= Degenerative chain transfer =

Chain-transfer reaction that generates a new chain carrier and a new chain-transfer agent with the same reactivity as the original chain carrier and chain-transfer agent.

In polymer chemistry, degenerative chain transfer (also called degenerate chain transfer) is a process that can occur in a radical polymerization where the active site is transferred from one site along the polymer chain to another site, without changing the active site's reactivity (hence the term "degenerate," signifying that the pre- and post-transfer active sites have the same energy or reactivity). Thus, the prevalence of degenerative chain transfer in relation to other chain transfer mechanisms has a significant influence on the molecular weight distribution of the resulting product.

In chain polymerization processes it is observed that during the chemical reactions an active centre on a growing chain is transferred from a growing macromolecule - P• - or oligomer to another molecule (transfer agent XR) or to another site on the same molecule.

P• + XR → PX + R•

This transfer involves termination of the initially growing chain to the completed macromolecule PX, where X denotes one end-group of the macromolecule. The example shows that the growing macromolecule as well as the transfer agent are consumed during this process. However, there are also chain transfer reactions that generate new chain carriers and new chain transfer agents at the same time with significant consequences for the distribution of the (average) molecular weight distribution, the dispersity Đ and the (average) degree of polymerization of the product. These chain transfer reactions are called degenerative chain transfer reactions and are observed, for example in RAFT-, ITRP-, or TERP- processes. RAFT = reversible addition-fragmentation chain transfer polymerization; ITRP = iodine-transfer polymerization; TERP = telluride-mediated polymerization.

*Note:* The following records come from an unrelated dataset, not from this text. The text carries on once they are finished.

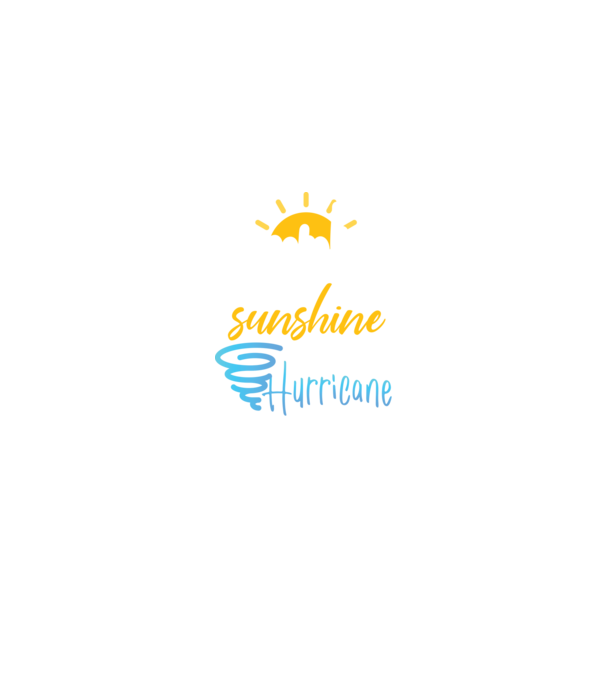 December Girls are Sunshine mixed with a little Hurricane model negru pe tricou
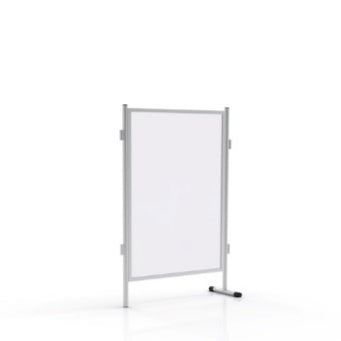 PANNELLO DIVISORIO PLEXIGLASS - MODULO AGGANCIABILE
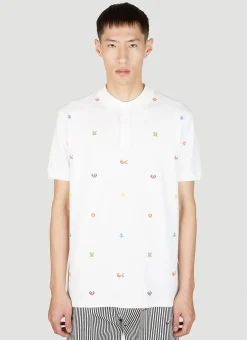 Men Kenzo Polo Shirts^Graphic Embroidery Polo Shirt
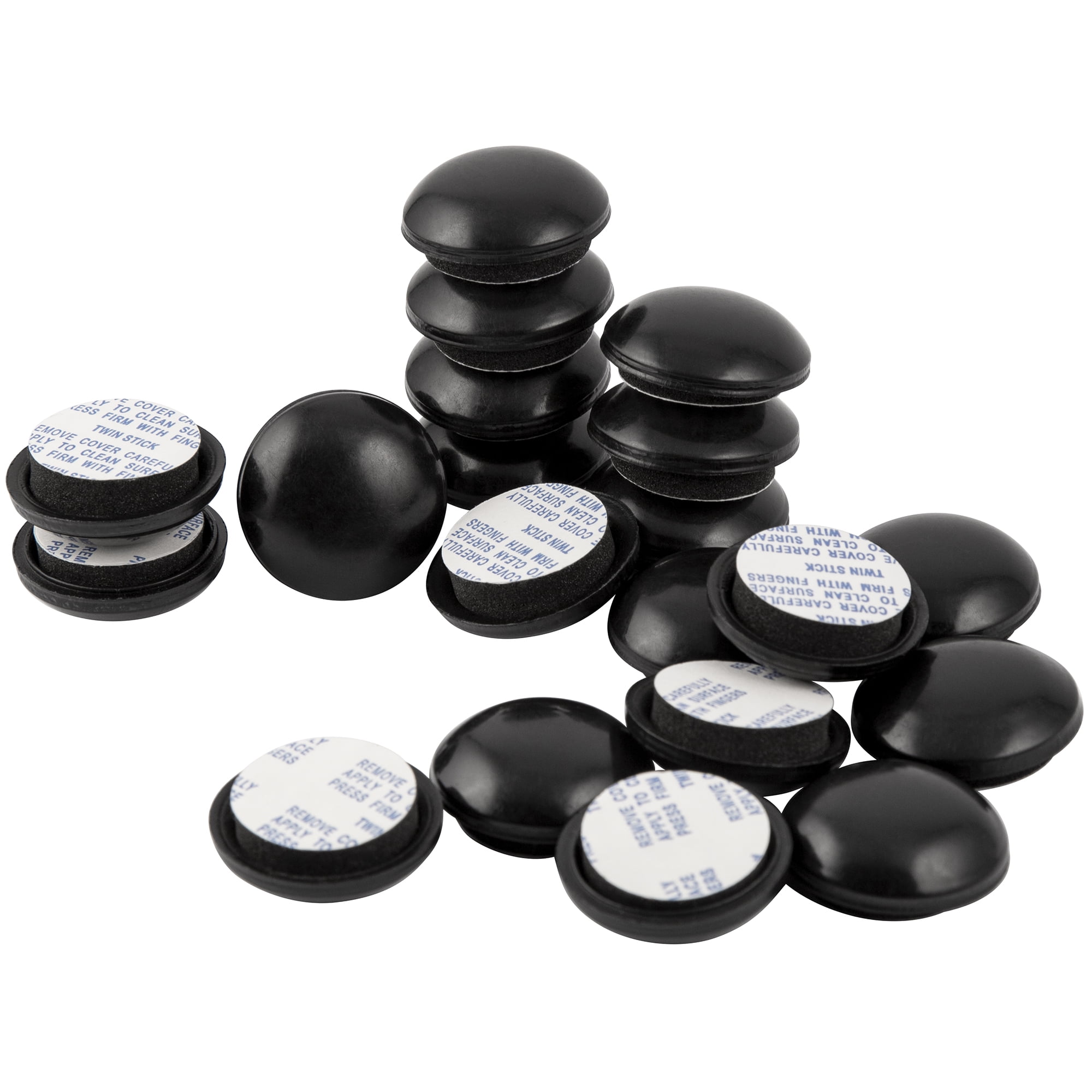 Super Sliders 1 1/4" Outdoor AllWeather Furniture Sliders, Black (20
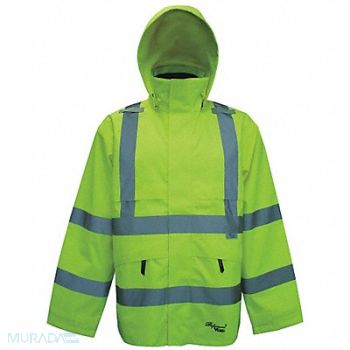 VIKING G5391 Rain Jacket Class 3 Type R Ylw/Grn 2XL, 21Z064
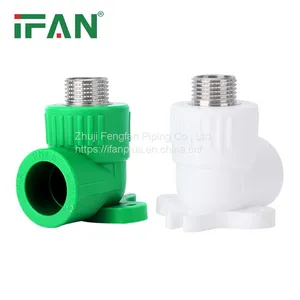 IFAN Hot Sale PPR Pipe Fitting Plastic PPR Male Thread Green Elbow thumbnail-4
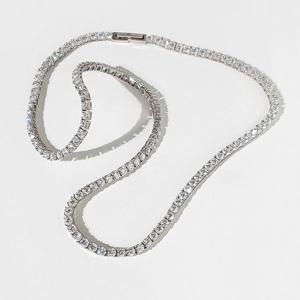 [에버링] 테니스 목걸이 봄날의 햇살_NQSJ92301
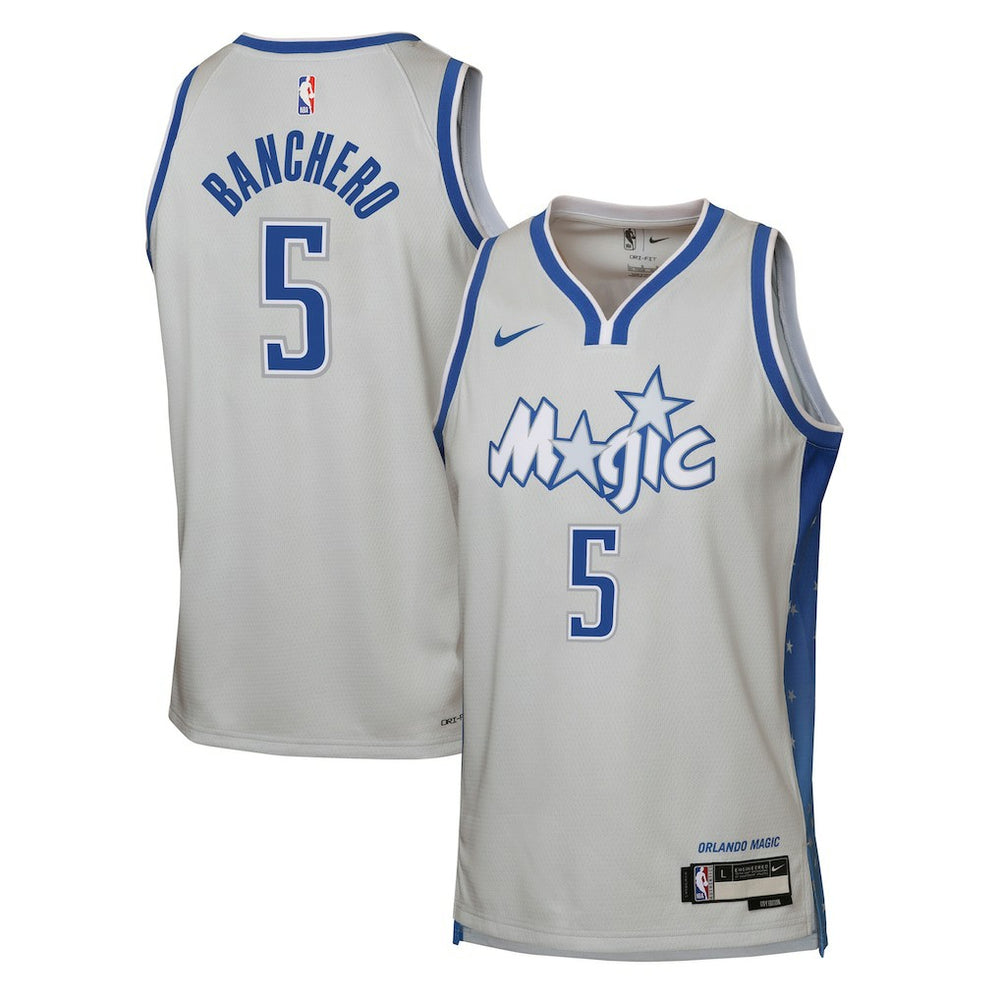 Nike Paolo Banchero Orlando Magic Youth 2025/26 City Edition Swingman Jersey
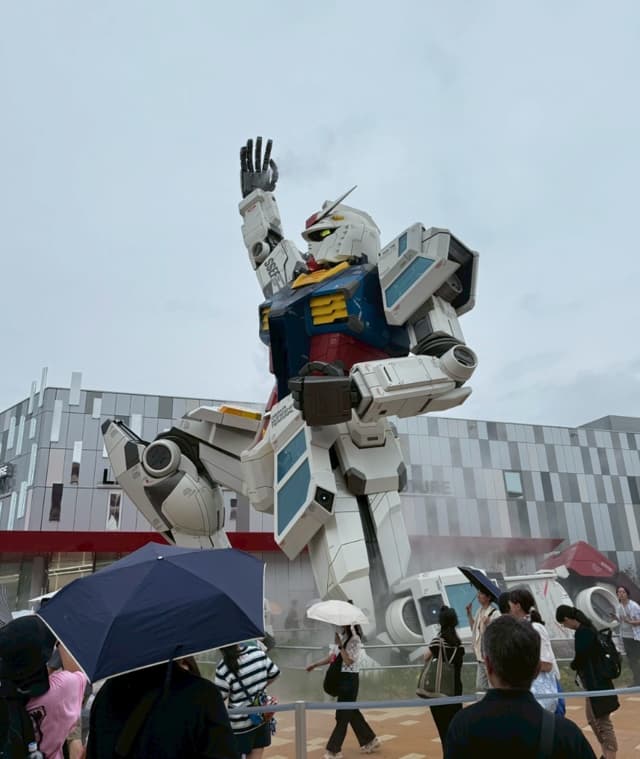 万博ブログ番外編！ガンダム前の写真が届きました〜！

These polymerization techniques belong to the class of reversible deactivation radical polymerizations (RDRP) that show some characteristics of a living polymerization, however, they must not be addressed as living polymerizations because true living polymerizations are characterized by the absence of any termination reaction.

In this sense, a chain-transfer agent RX is a substance that is able to react with a chain carrier by a reaction in which the original chain P• is deactivated and a new chain carrier R• is generated, as shown above.